D'accordo, dal punto di vista sintattico la costruzione è "zoppa" (e una grammatica d'impronta normativa la considererebbe sbagliata), ma stando alle altre testimonianze è un'espressione usata in maniera non eccezionale e, a quanto pare, in più di un contesto regionale, perciò la sua legittimità è giustificata perlomeno dall'uso (secondo una grammatica descrittiva).

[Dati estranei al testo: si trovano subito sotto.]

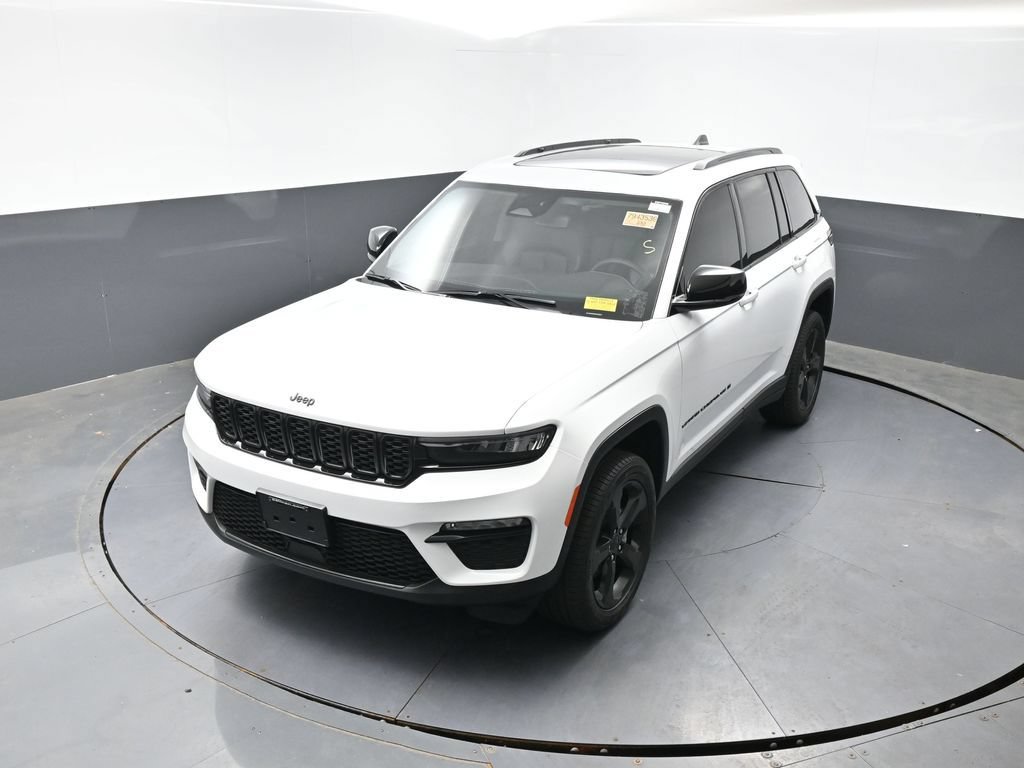 Used 2023 Jeep Grand Cherokee Limited w/ Black Appearance Package AWD/4WD image 18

Che sia un'espressione non standard, comunque, è fuor di dubbio.


----------



## ohbice

Della sua legittimità non lo so, però se non l'avessi letto qui non ci crederei. E se qualcuno mi parla in questo modo gli chiedo di ripetere, per cortesia, perché sarà pure legittima ma è anche leggermente incomprensibile.
Per me, ovviamente.


----------



## Draik91

oh said:


> Della sua legittimità non lo so, però se non l'avessi letto qui non ci crederei. E se qualcuno mi parla in questo modo gli chiedo di ripetere, per cortesia, perché sarà pure legittima ma è anche leggermente incomprensibile.
> Per me, ovviamente.



Credo che la difficoltà di comprensione sia dovuta al fatto che, a quanto pare, è un'espressione recente (lo prova il fatto che Odysseus54 non l'ha mai sentita nel 1978) e, verosimilmente, più diffusa negli idioletti giovanili. L'ho definita "legittima" solo in base a un'impressione personale perché a me suona comprensibile e non innaturale (sebbene riconosca la sua costruzione sintattica "viziata" e un suo uso limitato a certi contesti). 
Ribadisco, comunque, che è sicuramente non standard, perciò, bice, sei completamente giustificata!


----------



## ohbice

Giustificato. Oh, Bice, che m'hai fatto mai!


----------



## Anja.Ann

Ciao a tutti 

Giusto per aggiungere che anche dalle mie parti, seppur raramente, ho sentito l'espressione esclusivamente riferita all'ora tarda.


----------